La idea pintaba bien: Miraflores y San Isidro conectados por un puente, a la altura del LUM, con una ciclovía que se prolonga por el malecón con el rumor del Pacífico completando una escenografía maravillosa. El nombre elegido, aunque simplón, calzaba con el objetivo: Puente de la Amistad.
La obra fue iniciada durante las gestiones de Jorge Muñoz y Manuel Velarde. El nuevo alcalde de Miraflores, Luis Molina, mantuvo el entusiasmo; el de San Isidro, Augusto Cáceres, le bajó el pulgar. Aceptó el puente, pero puso mil peros a la continuidad de la bicisenda en su distrito y mandó colocar unas rejas. ¿Los motivos? Ninguno que tuviera un gramo de sustento (la vía chocaba con el estacionamiento del mercado, cruzaba por un terreno, el proyecto original no incluía una ciclovía, etc.). ¿El resultado? La obra fue inaugurada ayer incompleta.

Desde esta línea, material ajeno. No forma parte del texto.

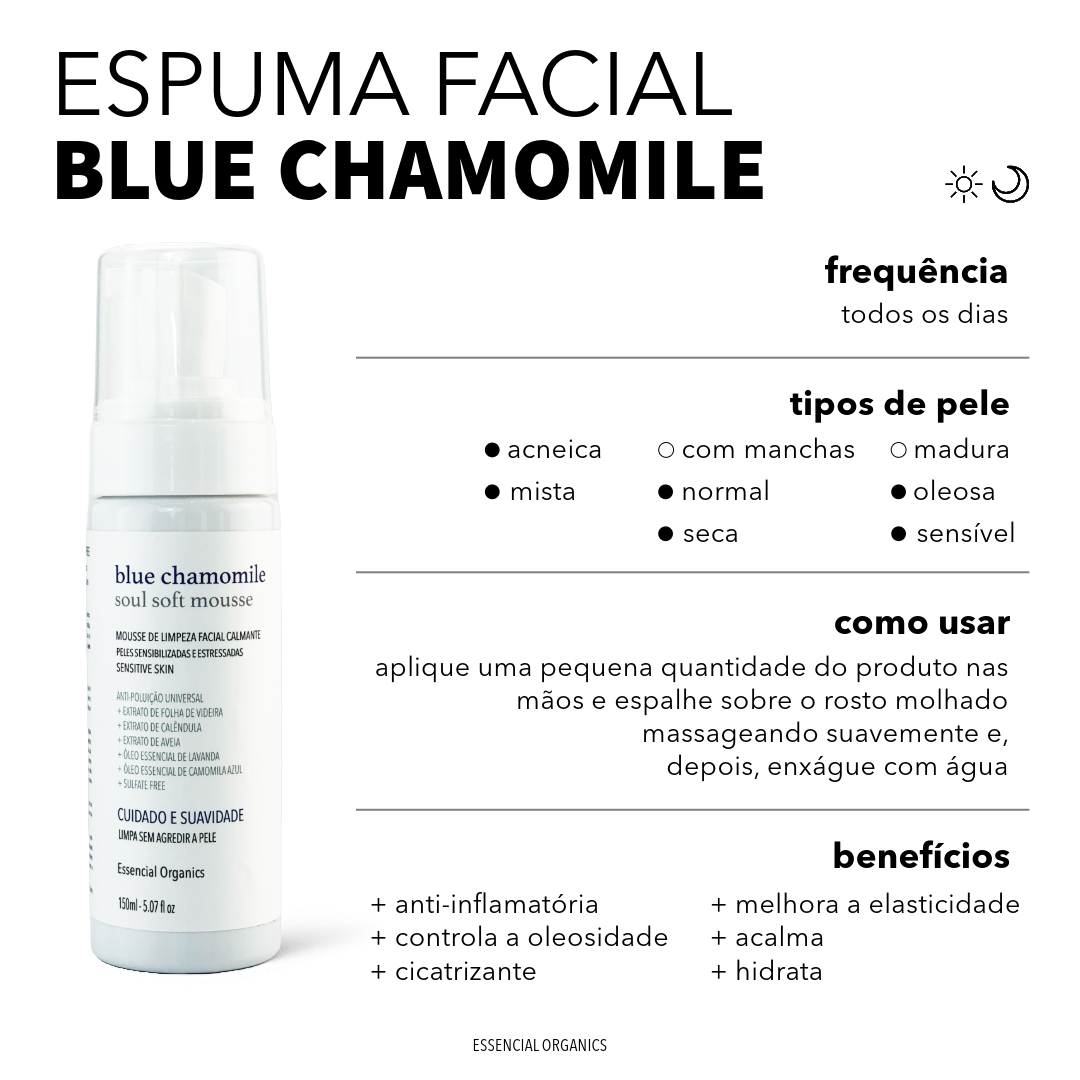 Espuma Facial Blue Chamomile Sensitive Skin 150ml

Sobre las verdaderas razones detrás de la oposición del señor Cáceres se han tejido diversos rumores que no vale la pena mencionar. Además, el asunto de fondo es otro: Lima difícilmente se convertirá en la urbe moderna a la que aspiramos mientras siga dividida en 43 distritos. En los hechos, cada alcalde es un reyezuelo de su jurisdicción, sobre la cual hace y deshace, sin darle continuidad a proyectos de largo plazo o que no lleven su sello.
Hay, sin duda, excepciones, pero lo usual es que cada distrito funcione como un coto cerrado. Y así, pensar en hacer de Lima una ciudad civilizada, es una quimera. El reyezuelo de San Isidro lo acaba de demostrar.